In September 2017, a former White House aide offered a novel defense for the Trump team’s secret contacts with the Russian government: Richard Nixon did it, too.
That’s what K.T. McFarland told the FBI when asked about Michael Flynn’s efforts during the presidential transition period to meddle in US foreign policy by negotiating with the Russian ambassador behind the Obama administration’s back. According to McFarland, the actions taken by Flynn—who Trump had tapped to become national security adviser—were not unusual because other former presidents, including Nixon, also interfered in foreign policy before taking office.
McFarland, who briefly served as deputy national security adviser, cited Nixon’s “involvement in Vietnam War peace talks” in 1968—along with Ronald Reagan’s alleged pre-election interference in 1980 in talks aimed at freeing US hostages in Iran—as “precedent for proactive foreign policy engagements by an incoming administration,” according to an FBI summary of investigators’ 2017 interview with McFarland, published last week by Buzzfeed.
McFarland’s assertion hasn’t drawn much notice, but it should. Flynn admitted to secret transition-period contacts with Russian ambassador Sergey Kislyak in which he sought to temper Russia’s response to sanctions imposed by the Obama administration to punish Russia for interfering in the 2016 election. In his guilty plea, Flynn admitted that he also called Kislyak and officials from other countries to lobby against a UN resolution condemning Israeli settlements in the West Bank after news reports indicated that the Obama administration would not oppose the measure. Special counsel Robert Mueller’s April 2019 report says Jared Kushner, Trump’s son-in-law, oversaw the latter effort. These contacts may have violated the Logan Act, a 1799 law that bars private US citizens from acting to “influence the measures or conduct of any foreign government” in a dispute with the United States or “to defeat the measures of the United States.” Flynn pleaded guilty in December 2017 to lying to FBI about this activity. He is scheduled to be sentenced later this month.
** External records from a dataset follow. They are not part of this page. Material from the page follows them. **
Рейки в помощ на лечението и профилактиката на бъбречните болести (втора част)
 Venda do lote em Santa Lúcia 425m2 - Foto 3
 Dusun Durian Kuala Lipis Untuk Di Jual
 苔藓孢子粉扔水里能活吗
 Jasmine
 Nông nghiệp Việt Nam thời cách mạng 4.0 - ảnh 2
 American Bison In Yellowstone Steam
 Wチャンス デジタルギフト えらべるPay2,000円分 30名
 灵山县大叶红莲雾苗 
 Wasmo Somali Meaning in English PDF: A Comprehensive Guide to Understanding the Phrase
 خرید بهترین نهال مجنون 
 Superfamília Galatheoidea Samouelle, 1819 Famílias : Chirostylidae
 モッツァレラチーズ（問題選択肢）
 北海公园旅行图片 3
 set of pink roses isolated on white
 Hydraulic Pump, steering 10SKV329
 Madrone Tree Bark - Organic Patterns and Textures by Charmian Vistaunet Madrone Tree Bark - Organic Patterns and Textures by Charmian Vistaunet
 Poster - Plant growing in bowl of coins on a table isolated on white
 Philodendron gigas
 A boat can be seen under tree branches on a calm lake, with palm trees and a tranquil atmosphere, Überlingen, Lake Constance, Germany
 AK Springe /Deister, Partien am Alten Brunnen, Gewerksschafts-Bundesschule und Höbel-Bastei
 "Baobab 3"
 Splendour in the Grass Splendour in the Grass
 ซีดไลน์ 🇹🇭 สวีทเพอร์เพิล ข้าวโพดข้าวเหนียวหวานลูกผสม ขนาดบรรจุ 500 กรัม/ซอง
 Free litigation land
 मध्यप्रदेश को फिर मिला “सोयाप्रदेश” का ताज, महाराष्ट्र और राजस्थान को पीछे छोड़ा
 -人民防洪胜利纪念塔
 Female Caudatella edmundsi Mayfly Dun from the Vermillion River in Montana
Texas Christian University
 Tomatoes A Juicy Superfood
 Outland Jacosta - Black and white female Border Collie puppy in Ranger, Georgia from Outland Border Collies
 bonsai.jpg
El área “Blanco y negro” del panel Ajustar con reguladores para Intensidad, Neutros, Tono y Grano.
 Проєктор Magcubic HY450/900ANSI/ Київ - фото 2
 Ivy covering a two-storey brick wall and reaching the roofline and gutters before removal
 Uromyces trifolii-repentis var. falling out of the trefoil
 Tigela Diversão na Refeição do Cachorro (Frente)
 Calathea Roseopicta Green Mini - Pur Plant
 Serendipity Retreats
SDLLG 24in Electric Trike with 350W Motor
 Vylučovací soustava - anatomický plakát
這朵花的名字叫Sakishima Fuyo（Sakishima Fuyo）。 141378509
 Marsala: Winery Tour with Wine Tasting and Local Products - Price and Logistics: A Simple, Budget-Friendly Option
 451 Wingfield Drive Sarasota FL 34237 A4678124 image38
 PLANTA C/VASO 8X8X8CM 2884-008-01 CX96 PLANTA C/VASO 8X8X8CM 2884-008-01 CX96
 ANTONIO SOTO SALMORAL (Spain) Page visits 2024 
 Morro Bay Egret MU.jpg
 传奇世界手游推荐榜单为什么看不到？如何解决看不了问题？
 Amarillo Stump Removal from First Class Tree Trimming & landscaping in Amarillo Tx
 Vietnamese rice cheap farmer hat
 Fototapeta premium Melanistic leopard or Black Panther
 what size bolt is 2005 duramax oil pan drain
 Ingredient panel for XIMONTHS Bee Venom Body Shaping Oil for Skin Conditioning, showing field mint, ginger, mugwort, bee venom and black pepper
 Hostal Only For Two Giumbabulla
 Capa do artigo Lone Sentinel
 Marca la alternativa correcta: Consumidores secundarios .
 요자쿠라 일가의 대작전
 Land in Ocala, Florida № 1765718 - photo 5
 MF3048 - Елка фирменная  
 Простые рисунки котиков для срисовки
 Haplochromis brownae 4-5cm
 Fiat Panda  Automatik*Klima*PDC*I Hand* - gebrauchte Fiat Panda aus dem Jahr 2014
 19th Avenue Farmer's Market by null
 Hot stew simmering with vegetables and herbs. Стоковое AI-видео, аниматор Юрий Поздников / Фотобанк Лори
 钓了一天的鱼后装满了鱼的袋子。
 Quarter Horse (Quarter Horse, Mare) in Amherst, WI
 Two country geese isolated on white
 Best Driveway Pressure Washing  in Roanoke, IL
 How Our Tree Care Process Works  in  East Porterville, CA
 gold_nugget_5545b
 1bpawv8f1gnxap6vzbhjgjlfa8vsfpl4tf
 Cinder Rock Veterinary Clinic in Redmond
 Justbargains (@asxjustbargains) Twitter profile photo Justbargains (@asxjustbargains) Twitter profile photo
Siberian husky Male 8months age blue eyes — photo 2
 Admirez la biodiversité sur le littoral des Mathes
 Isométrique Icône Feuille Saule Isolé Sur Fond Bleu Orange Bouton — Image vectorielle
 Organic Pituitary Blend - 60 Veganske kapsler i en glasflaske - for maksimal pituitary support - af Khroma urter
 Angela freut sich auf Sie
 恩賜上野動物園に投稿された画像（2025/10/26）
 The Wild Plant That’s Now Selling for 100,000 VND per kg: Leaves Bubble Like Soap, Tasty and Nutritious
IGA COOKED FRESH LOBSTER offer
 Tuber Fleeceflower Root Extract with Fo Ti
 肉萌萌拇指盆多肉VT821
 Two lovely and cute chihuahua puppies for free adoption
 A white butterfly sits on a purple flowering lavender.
To summarize: To justify potentially illegal secret contacts between the Trump team and Russia, McFarland, who herself worked on Nixon’s National Security Council, cited perhaps the most notorious example in US history of a White House candidate undermining the diplomacy of a siting president. (McFarland’s comparison is also flawed because Nixon’s interference, and the Reagan team’s alleged actions, occurred prior to Election Day, not during the transition.)
While allegations that Reagan aides meddled in hostage negotiations in Iran remain disputed, Nixon’s secret disruption of Vietnam peace talks is well-documented. Recently revealed notes show that in October 1968, Nixon asked H.R. Haldeman, who became his chief of staff, to “monkey wrench” talks between the United States, South Vietnam, and North Vietnam and to instruct an emissary, Anna Chennault—a prominent Republican and socialite in touch with South Vietnamese negotiators—to urge them to “hold on” and refuse to agree to a deal in hopes of getting better terms under Nixon. Nixon feared that progress in talks would help his Democratic opponent, Vice President Hubert Humphrey, who surged late in the race as he amped up his criticism of the war.
Nixon’s skullduggery worked for Nixon. Encouraged by him, the South Vietnamese stalled the talks, and Nixon narrowly beat Humphrey. But the consequences were bad for everyone else. Nixon had suggested he had a plan for exiting Vietnam. Instead he expanded the war. Roughly 22,000 more Americans, along with far more Vietnamese, would die before the US finally withdrew from the country at the start of Nixon’s second term in 1973. Nixon’s initially secret bombing of sites in Cambodia in 1969 may have helped spur the rise of the Khmer Rouge, who went on to kill an estimated 2 million Cambodians.
Nixon’s predecessor, Lyndon Johnson, knew of Nixon’s actions and privately called them “treason.” John Farrell, who discovered Haldeman’s notes while researching a 2017 Nixon biography, told Mother Jones that Nixon’s interference was potentially “worse than anything he did in Watergate, because more lives were at stake.”
Yet according to the FBI’s summary, McFarland, who did not respond to requests for comment, cited Nixon’s actions to defend Flynn’s December 2016 contacts with Russia.
McFarland knew of Flynn’s contacts with Kislyak in advance. In a court filing Tuesday ahead of Flynn’s sentencing, prosecutors stated that Flynn spoke to McFarland before calling Kislyak “to discuss what to communicate to the Russian Ambassador about the sanctions.” McFarland was forced out of the White House shortly after Flynn resigned. Trump then tapped her as ambassador to Singapore, but her nomination was scuttled after she was revealed to have misled lawmakers about her knowledge of Flynn’s calls with Kislyak. McFarland, a frequent Fox News commentator, remains a Trump booster.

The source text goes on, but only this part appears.